The Art of War
A FINE ART: WAR AND THE WAR POSTER
Wartime art showed governmental views of the war in color images and arresting text. Some art critics believed World War I would restore vigor to art. Others saw the war creating a “healthy rivalry” in the “face-off” between America’s naiveté and Europe’s sophisticated modern art. The American war posters at the OSilas Gallery, lent to this exhibition by the Hudson River Museum, gained little from modern trends in European art, such as Cubism. American fine artists such as William Merritt Chase and Childe Hassam were still under the sway of earlier French Impressionism, while the nation’s book illustrators were more likely to feel kinship with earlier American fine artists like Thomas Eakins and Winslow Homer, who focused on representation and dramatic narrative. In the United States few front-rank artists directly engaged the theme of the war in their fine art. One exception was Childe Hassam, who showed victory in his famous flag paintings along New York City’s posh Fifth Avenue. The war’s violent carnage remained discreetly but firmly off Hassam’s canvases. Although the United States did not enter World War I until April 1917, almost three years after the conflict started, when it joined the ranks of the Allied Powers, a national publicity machine unprecedented in any previous American war was catapulted into being. The United States government realized that Americans were ambivalent about the war before 1917 and that substan – tial opposition to the struggle remained, even after America declared war. Artists were split, too. Some supported the war. Others, social critics of the United States government, opposed it, both before, and more controversially after, America entered the fray.
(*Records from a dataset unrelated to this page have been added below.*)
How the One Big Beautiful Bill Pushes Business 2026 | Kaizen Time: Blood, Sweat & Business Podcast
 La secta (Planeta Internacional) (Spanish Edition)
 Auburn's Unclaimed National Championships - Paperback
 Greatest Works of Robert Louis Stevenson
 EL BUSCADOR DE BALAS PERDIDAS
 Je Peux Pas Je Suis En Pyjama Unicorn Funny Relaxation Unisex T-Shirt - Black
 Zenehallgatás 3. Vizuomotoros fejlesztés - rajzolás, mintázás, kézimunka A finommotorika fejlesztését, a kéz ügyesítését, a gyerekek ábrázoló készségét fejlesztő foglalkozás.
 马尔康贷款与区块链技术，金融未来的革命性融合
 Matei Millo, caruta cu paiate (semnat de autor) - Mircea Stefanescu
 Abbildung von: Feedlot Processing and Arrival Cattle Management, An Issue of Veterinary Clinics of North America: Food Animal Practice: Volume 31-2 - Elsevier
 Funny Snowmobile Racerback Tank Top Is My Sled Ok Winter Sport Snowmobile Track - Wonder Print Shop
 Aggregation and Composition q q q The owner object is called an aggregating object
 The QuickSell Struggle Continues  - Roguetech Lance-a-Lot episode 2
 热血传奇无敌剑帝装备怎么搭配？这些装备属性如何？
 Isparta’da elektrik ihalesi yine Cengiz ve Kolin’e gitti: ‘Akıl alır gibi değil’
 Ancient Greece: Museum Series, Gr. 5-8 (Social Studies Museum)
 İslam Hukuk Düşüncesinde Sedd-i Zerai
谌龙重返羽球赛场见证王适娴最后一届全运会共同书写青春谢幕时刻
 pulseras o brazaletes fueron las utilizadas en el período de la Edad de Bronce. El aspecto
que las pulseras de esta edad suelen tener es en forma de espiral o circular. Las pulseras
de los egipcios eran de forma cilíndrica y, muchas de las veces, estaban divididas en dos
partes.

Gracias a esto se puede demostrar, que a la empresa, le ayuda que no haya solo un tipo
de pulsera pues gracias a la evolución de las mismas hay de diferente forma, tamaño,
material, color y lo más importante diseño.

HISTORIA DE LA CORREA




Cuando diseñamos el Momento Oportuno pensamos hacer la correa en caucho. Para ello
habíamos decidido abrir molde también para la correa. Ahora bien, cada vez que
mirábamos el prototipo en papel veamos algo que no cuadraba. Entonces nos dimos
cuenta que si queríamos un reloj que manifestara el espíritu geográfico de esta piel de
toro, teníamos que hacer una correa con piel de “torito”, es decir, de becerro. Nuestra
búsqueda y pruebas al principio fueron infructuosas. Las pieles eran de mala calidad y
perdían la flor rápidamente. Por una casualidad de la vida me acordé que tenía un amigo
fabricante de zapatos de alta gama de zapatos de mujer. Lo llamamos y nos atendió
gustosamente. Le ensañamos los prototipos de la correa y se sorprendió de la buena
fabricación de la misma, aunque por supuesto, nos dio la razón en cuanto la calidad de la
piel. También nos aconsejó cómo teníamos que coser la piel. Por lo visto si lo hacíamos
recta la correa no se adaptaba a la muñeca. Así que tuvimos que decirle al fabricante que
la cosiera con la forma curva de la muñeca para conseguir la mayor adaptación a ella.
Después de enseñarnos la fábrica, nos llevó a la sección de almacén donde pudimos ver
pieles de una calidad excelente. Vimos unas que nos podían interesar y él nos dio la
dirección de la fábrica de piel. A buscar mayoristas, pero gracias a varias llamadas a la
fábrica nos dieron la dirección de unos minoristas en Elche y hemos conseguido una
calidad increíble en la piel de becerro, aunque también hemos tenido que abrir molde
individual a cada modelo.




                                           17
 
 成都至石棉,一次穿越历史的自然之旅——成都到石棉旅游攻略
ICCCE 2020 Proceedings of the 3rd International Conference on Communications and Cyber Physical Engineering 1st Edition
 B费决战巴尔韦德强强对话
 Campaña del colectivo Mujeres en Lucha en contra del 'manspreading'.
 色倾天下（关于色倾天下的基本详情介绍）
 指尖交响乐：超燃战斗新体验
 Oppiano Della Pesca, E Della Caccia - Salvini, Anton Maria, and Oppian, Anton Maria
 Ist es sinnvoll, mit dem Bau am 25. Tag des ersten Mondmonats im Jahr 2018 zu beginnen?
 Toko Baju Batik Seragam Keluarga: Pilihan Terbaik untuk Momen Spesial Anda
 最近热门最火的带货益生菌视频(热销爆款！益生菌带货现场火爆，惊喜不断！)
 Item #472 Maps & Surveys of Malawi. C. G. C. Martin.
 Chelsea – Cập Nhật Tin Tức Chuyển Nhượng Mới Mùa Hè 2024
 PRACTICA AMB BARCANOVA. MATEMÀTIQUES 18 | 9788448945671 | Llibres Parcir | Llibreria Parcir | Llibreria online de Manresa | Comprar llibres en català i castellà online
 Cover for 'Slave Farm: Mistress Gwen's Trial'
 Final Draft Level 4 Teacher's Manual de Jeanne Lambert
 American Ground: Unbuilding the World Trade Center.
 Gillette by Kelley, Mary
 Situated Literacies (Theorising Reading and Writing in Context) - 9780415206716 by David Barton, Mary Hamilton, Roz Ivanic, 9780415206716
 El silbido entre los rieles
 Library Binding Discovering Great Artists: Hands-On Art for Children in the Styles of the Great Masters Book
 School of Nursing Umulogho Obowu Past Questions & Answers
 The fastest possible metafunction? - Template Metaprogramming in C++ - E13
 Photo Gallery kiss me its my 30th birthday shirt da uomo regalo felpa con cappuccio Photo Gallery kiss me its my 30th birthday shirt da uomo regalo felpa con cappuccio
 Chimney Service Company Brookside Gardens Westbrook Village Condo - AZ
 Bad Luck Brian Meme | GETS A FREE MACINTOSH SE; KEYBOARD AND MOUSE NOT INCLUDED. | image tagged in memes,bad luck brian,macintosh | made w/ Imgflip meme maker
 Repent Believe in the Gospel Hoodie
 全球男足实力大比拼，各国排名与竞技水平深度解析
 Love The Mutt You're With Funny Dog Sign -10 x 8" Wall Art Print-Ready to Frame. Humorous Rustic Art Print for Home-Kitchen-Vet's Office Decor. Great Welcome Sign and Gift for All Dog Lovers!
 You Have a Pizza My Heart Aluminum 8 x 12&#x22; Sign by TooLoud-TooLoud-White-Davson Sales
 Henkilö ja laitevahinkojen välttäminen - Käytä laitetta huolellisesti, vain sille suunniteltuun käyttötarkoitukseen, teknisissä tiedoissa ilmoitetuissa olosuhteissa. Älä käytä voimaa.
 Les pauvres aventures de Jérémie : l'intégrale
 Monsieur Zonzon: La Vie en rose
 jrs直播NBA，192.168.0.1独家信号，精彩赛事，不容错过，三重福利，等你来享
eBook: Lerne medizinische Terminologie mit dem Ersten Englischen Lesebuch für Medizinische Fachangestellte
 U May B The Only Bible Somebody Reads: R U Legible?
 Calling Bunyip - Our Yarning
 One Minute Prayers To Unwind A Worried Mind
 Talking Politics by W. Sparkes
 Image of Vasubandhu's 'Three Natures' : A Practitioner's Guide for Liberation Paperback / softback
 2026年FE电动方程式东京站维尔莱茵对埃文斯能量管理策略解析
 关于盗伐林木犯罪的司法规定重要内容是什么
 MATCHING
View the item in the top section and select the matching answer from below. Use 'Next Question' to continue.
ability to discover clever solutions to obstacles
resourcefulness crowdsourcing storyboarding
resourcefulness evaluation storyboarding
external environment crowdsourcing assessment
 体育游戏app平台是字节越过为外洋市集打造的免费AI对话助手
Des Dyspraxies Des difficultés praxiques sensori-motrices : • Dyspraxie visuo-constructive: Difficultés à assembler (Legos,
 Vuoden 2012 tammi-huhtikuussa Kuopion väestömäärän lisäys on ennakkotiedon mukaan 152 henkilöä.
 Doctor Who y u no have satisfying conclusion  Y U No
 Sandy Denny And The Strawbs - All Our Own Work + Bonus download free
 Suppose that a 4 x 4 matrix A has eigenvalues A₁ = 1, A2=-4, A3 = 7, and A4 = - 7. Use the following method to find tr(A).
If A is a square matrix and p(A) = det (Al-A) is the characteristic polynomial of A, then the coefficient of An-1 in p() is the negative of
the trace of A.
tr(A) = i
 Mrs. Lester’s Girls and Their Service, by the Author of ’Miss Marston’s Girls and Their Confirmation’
Propaganda posters pulled on the people’s conflicting emotions. One of the most evocative of the beseeching posters is The Greatest Mother in the World, painted by Alonzo Earl Foringer for the Red Cross Christmas Roll, instantly reminiscent of Michelangelo’s sculpture the Pieta, including the sculptural drapings, the over-scale Mary figure, and the diminutive wounded soldier (in this instance in place of Christ brought down from the Cross). The poster creates the analogy of the Virgin Mary as universal caregiver and protector, and equates her caring with the work of a nurse from the Red Cross, the international agency of caregiving [No. 6].